In any case, her illustrations come from the 1962 Swedish edition of THE HOBBIT,**** heretofore mainly known to people by one illustration from it (wargs dancing in the firelight) having appeared in THE ANNOTATED HOBBIT (p. 153) and by its bizarre depiction of Gollum (who strongly resembles one of Sime's pieces from THE GODS OF PEGANA, but clearly cd never have been of hobbit-kind). Oddly enough, the drawings are both childish (in the sense of clearly-geared-to-a-child-audience), yet also quite dark sometimes bleak. It's an odd combination. On the childish side we have the dwarven musicians, complete with Bombur banging away on his drums; on the more solemn side we have the picture of Lake Town, which is almost Escher-like in its brooding staircases going up and up. Both appear mixed in some drawings, a good example of which being the starving dwarves lost in the forest. All in all it's not an art style I enjoy but it does have the virtue of being distinctive.

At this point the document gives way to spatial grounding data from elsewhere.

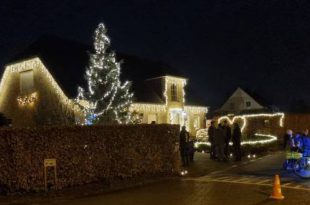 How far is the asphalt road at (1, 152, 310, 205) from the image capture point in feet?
40.4

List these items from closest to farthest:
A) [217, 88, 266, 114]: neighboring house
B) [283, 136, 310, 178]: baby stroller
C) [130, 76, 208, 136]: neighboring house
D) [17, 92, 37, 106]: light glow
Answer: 1. [283, 136, 310, 178]: baby stroller
2. [17, 92, 37, 106]: light glow
3. [130, 76, 208, 136]: neighboring house
4. [217, 88, 266, 114]: neighboring house

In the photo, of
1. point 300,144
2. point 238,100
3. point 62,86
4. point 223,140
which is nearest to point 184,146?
point 223,140

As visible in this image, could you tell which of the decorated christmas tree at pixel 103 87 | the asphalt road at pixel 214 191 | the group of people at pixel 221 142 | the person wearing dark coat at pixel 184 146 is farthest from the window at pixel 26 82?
the asphalt road at pixel 214 191

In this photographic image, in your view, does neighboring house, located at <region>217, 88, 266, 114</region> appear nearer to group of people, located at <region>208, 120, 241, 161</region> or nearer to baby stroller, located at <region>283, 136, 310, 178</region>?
group of people, located at <region>208, 120, 241, 161</region>

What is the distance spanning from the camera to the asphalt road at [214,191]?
12328mm

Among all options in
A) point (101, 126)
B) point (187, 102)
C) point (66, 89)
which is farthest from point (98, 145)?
point (187, 102)

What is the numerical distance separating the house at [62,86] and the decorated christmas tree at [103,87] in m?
1.62

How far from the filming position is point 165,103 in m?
36.7

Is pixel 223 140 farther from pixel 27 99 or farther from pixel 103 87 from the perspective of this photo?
pixel 27 99

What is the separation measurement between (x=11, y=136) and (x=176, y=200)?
5357 mm

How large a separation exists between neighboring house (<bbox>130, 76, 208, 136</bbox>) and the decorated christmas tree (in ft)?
24.6

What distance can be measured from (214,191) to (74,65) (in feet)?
69.3

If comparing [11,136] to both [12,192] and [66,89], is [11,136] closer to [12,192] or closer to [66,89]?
[12,192]

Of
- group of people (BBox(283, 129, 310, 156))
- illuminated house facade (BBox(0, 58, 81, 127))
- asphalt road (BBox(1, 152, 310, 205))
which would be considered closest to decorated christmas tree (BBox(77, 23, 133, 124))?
illuminated house facade (BBox(0, 58, 81, 127)) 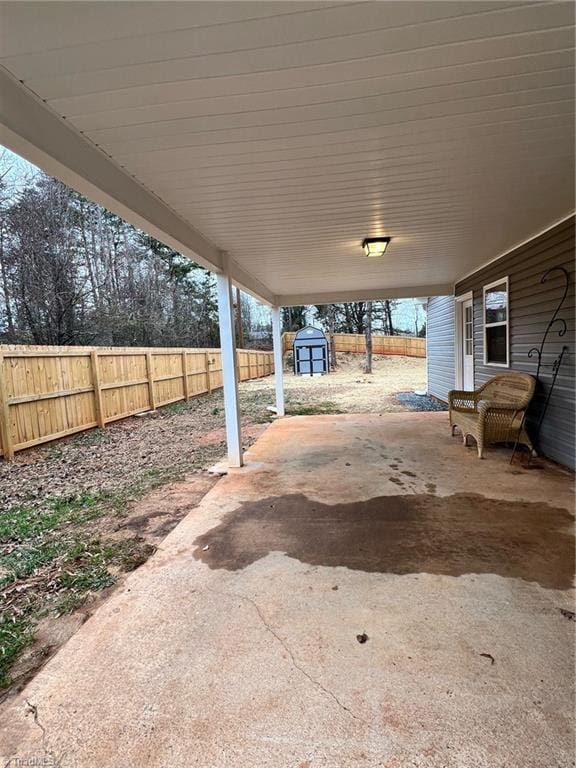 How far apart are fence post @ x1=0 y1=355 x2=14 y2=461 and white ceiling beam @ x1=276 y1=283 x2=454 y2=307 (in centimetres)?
508

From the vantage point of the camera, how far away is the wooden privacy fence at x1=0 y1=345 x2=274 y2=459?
485 cm

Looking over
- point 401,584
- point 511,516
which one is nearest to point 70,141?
point 401,584

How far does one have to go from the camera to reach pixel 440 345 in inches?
343

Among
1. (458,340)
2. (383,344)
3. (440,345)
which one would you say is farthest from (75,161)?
(383,344)

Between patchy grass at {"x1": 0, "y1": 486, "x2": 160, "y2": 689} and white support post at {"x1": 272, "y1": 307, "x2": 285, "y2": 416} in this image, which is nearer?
patchy grass at {"x1": 0, "y1": 486, "x2": 160, "y2": 689}

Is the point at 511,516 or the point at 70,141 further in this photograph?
the point at 511,516

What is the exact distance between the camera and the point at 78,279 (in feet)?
30.1

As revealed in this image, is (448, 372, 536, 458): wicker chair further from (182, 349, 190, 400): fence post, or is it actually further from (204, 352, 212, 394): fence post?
(204, 352, 212, 394): fence post

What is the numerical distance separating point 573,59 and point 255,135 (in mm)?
1451

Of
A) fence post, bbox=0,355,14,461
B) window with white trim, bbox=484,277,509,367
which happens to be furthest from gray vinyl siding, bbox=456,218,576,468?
fence post, bbox=0,355,14,461

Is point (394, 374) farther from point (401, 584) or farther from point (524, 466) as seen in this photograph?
point (401, 584)

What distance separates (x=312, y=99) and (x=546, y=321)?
3633 mm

current reading: BROTHER TO DRAGONS (resumed)
* the nearer B&N nr SouthCenter usually having a slimmer selection, though I did see it there not long afterwards.
**here I'm thinking of A WHISPER OF GLOCKEN and THE GAMMAGE CUP more than the later and lesser THE FIRELINGS
***I haven't been able to find out if she was ethnically a Finn or Swede, just that she was both Swedish-speaking and a lifelong resident of what's now Finland (that is, part of a Swedish-speaking minority in Finland).
****this is not, by the way, the edition that so upset Tolkien (LETTERS.249); that was the original 1947 Swedish edition
concert review: California Symphony
16 hours ago
I remember writing a response to you about Jansson and Kendall, but I think I must have lost it when I tried to post it. Sorry if I posted it to the wrong comment or something.... just don't approve this, then, and let me know where it is. I consider Jansson one of the finest and most important writers for children. Like a few other writers, some of her books are scarcely children's books at all, but it's kind of hard to imagine how someone who hadn't read the earlier books would read or receive the more adult book. I love _Finn Family Moomintroll_, with its story of the Hobgoblin's Hat, and the Hemulen, and all of the other characters, and I loved it when I first read an excerpt in an anthology when I was in 2nd or 3rd grade (same place I read an excerpt from _The Hobbit_, and many other books, such as _the Good Master_ and _Alice_ and so on), and then found the book in the public library. But, it's a story for early and middle grades readers, I think, and probably only a few adult readers will really appreciate it, coming to it later in life, except possibly through their children's eyes. But the stories in the later books are too old for some of the younger readers of the early books like that one. By the time you come to _Tales from Moominvalley_, and especially _Moominvalley in November_, a fabulous meditation on aging and death, it's hard to imagine the third graders who will really appreciate that. I urge you to try at least a couple of the _Tales_, they're just fine stories, perhaps "The Fillyjonk Who Believed in Disasters" or "The Invisible Child," two of my favorites. The latter was adapted to a play at the Children's Theatre Company, back in the 70s or 80s, I believe, though I did not see it. The last time I reread the book, for a Rivendell discussion a year or so back, I found that I particularly liked a couple of other stories, too, some that I had thought a little too much like other stories, her rewrite of Wilde's "The Selfish Giant" as "The Hemulen Who Loved Silence," and "The Last Dragon," I'm finally old enough to understand why she had to retell the same basic story, and that the way she tells it places it in Moominvalley for her readers, and I can still read Wilde's story, too.